▶ DATA UNDER STUDY
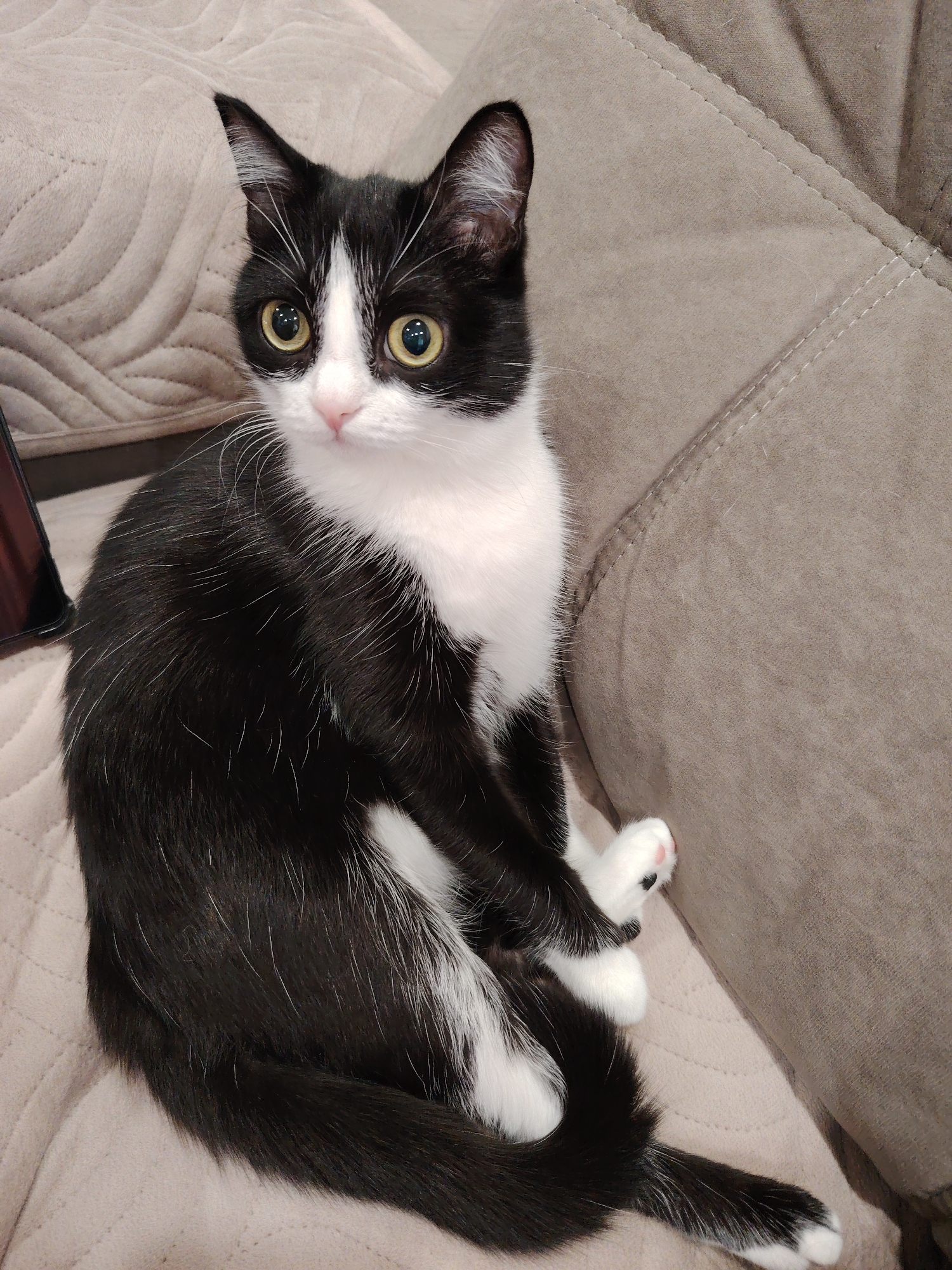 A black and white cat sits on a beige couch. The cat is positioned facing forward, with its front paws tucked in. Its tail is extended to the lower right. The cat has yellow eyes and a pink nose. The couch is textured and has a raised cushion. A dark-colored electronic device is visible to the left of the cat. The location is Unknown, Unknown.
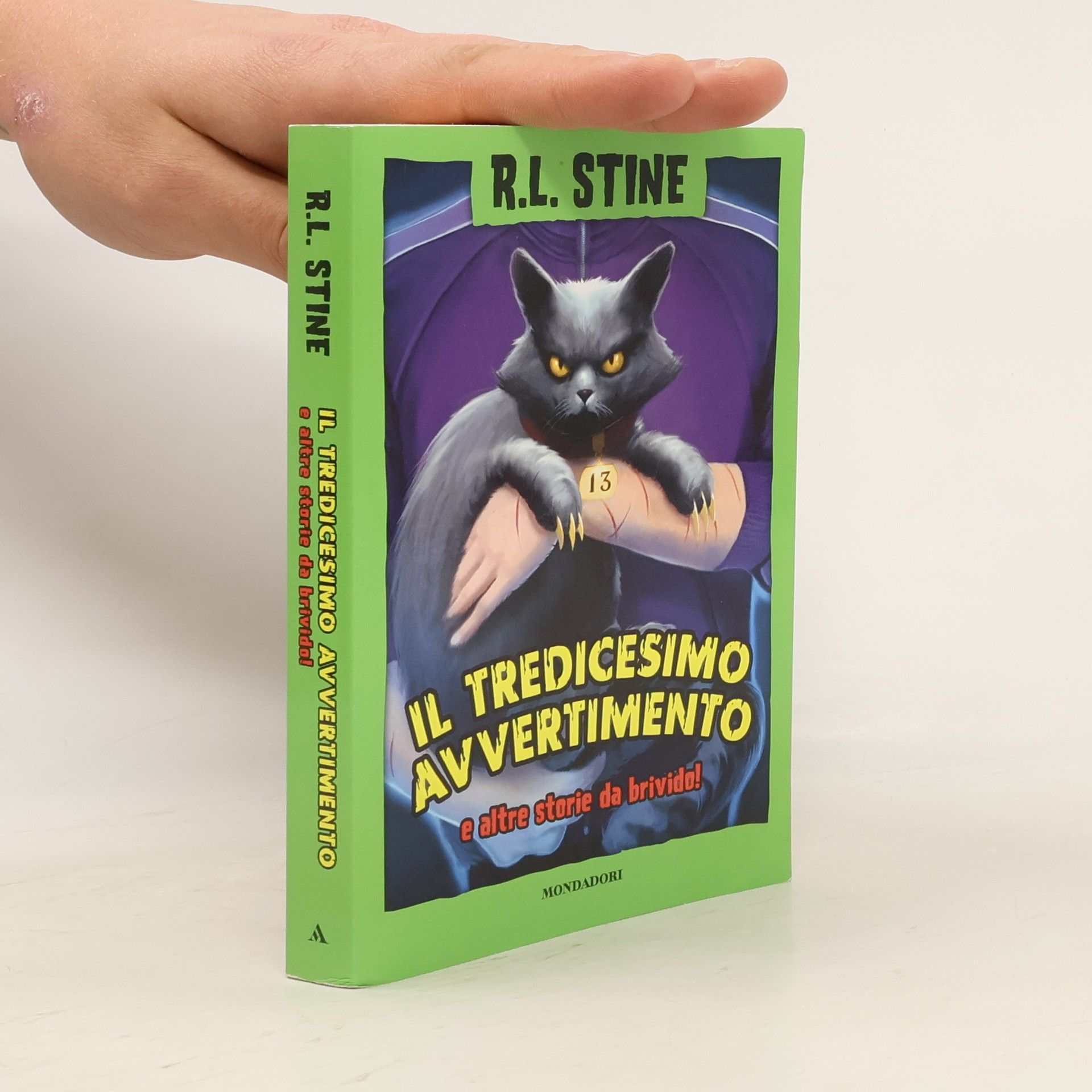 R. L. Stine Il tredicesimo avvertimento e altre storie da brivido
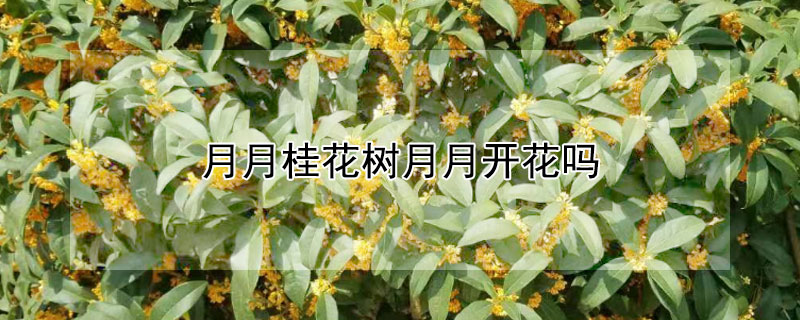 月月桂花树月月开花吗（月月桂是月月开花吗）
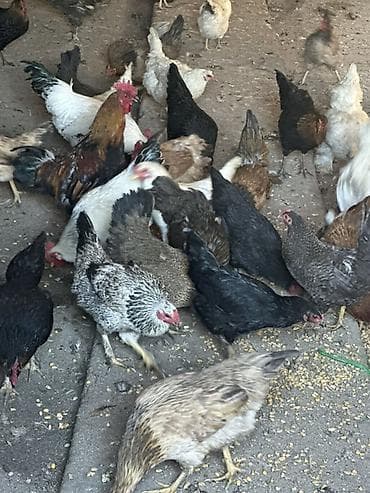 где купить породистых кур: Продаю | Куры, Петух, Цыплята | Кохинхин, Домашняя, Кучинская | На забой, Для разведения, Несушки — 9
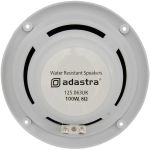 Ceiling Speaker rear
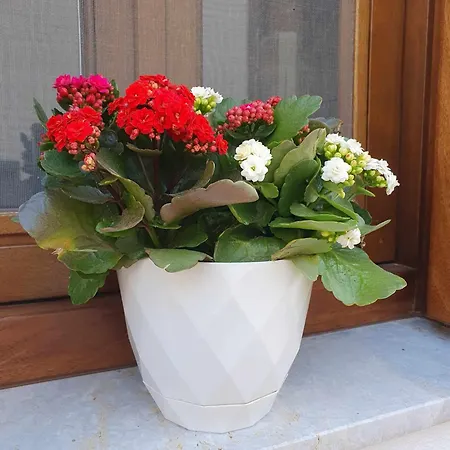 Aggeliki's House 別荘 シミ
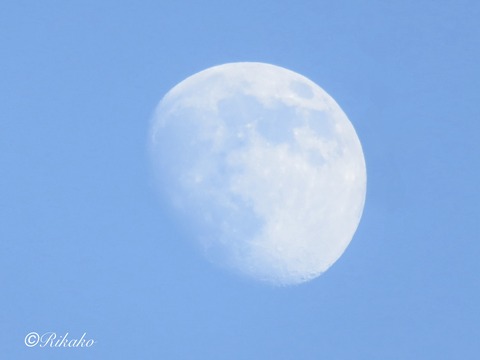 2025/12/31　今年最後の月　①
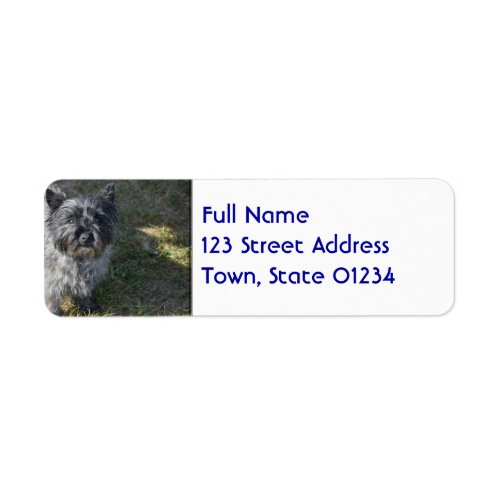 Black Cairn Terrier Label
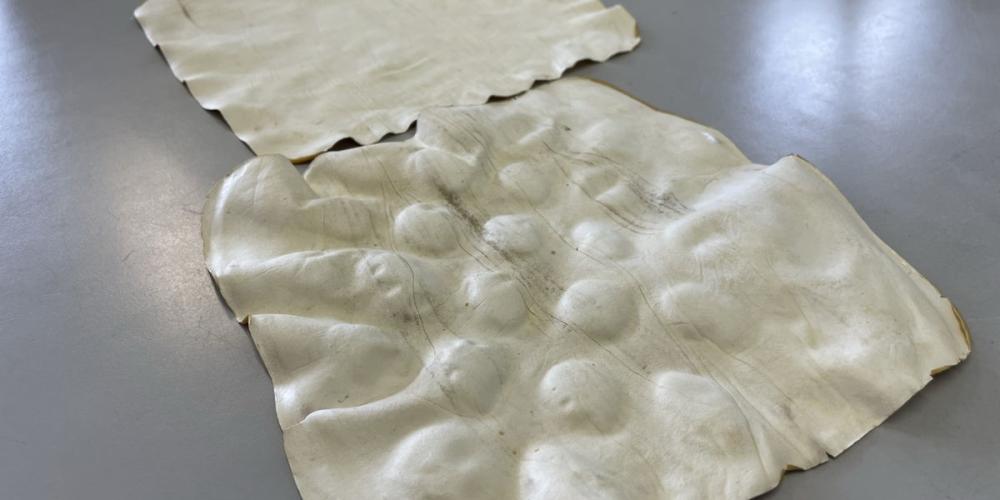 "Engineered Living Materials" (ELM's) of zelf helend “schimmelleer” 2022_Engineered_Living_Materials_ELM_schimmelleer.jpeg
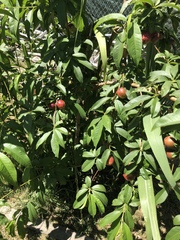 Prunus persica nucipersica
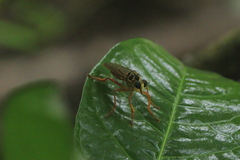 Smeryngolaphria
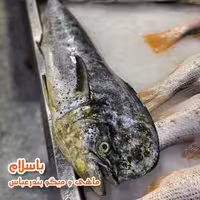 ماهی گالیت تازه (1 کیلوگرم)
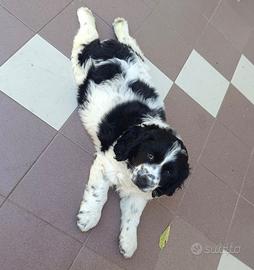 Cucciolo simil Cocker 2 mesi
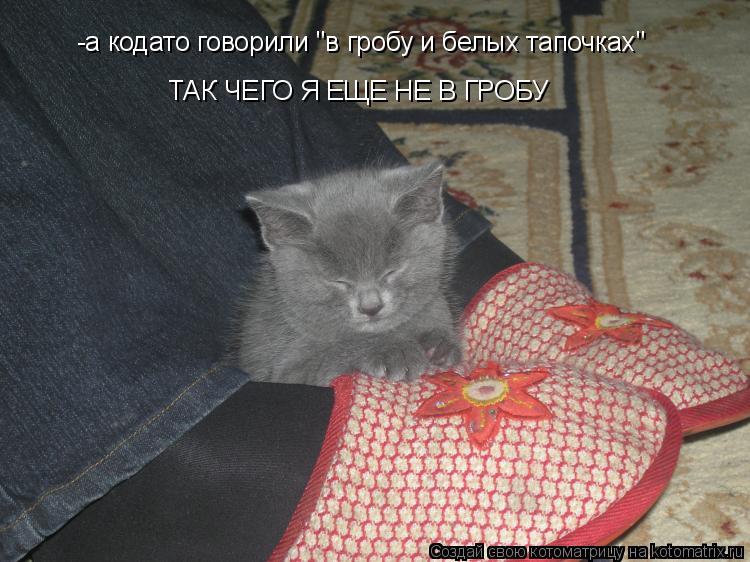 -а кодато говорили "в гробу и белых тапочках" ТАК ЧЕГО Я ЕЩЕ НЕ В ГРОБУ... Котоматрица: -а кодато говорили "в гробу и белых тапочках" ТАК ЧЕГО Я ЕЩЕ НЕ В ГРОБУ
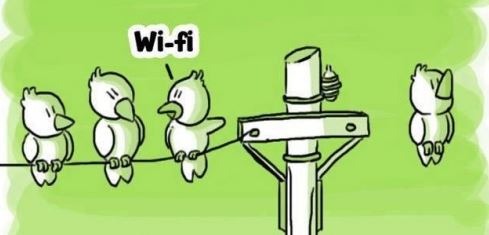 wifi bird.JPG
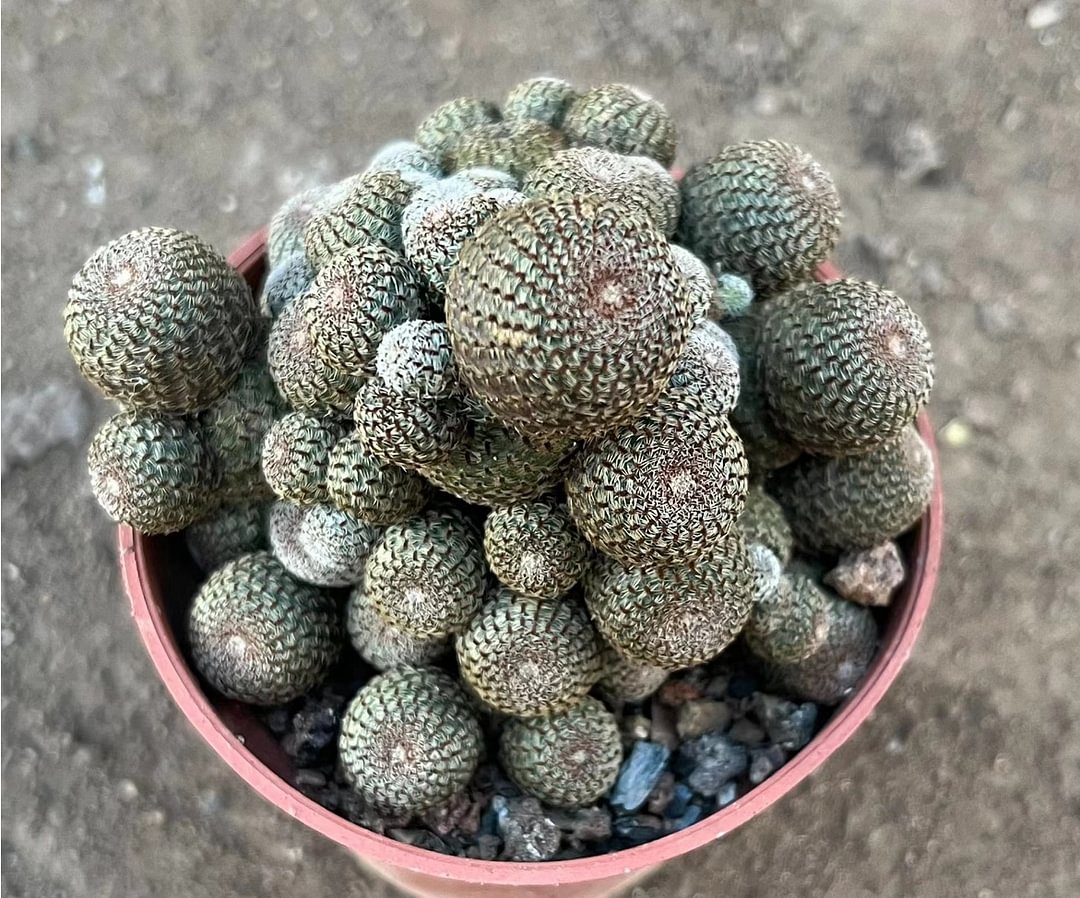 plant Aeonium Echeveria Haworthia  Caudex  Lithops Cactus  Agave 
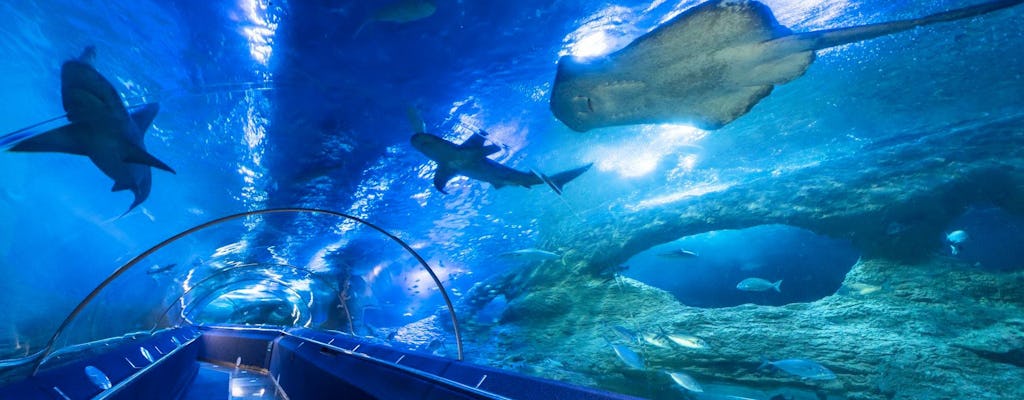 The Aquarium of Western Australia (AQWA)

▶ WORK ORDER
Leave the pictures out and copy the rest of the data exactly.

▶ RESPONSE BOX
 A black and white cat sits on a beige couch. The cat is positioned facing forward, with its front paws tucked in. Its tail is extended to the lower right. The cat has yellow eyes and a pink nose. The couch is textured and has a raised cushion. A dark-colored electronic device is visible to the left of the cat. The location is Unknown, Unknown.
 R. L. Stine Il tredicesimo avvertimento e altre storie da brivido
 月月桂花树月月开花吗（月月桂是月月开花吗）
 где купить породистых кур: Продаю | Куры, Петух, Цыплята | Кохинхин, Домашняя, Кучинская | На забой, Для разведения, Несушки — 9
 Ceiling Speaker rear
 Aggeliki's House 別荘 シミ
 2025/12/31　今年最後の月　①
 Black Cairn Terrier Label
 "Engineered Living Materials" (ELM's) of zelf helend “schimmelleer” 2022_Engineered_Living_Materials_ELM_schimmelleer.jpeg
 Prunus persica nucipersica
 Smeryngolaphria
 ماهی گالیت تازه (1 کیلوگرم)
 Cucciolo simil Cocker 2 mesi
 -а кодато говорили "в гробу и белых тапочках" ТАК ЧЕГО Я ЕЩЕ НЕ В ГРОБУ... Котоматрица: -а кодато говорили "в гробу и белых тапочках" ТАК ЧЕГО Я ЕЩЕ НЕ В ГРОБУ
 wifi bird.JPG
 plant Aeonium Echeveria Haworthia  Caudex  Lithops Cactus  Agave 
 The Aquarium of Western Australia (AQWA)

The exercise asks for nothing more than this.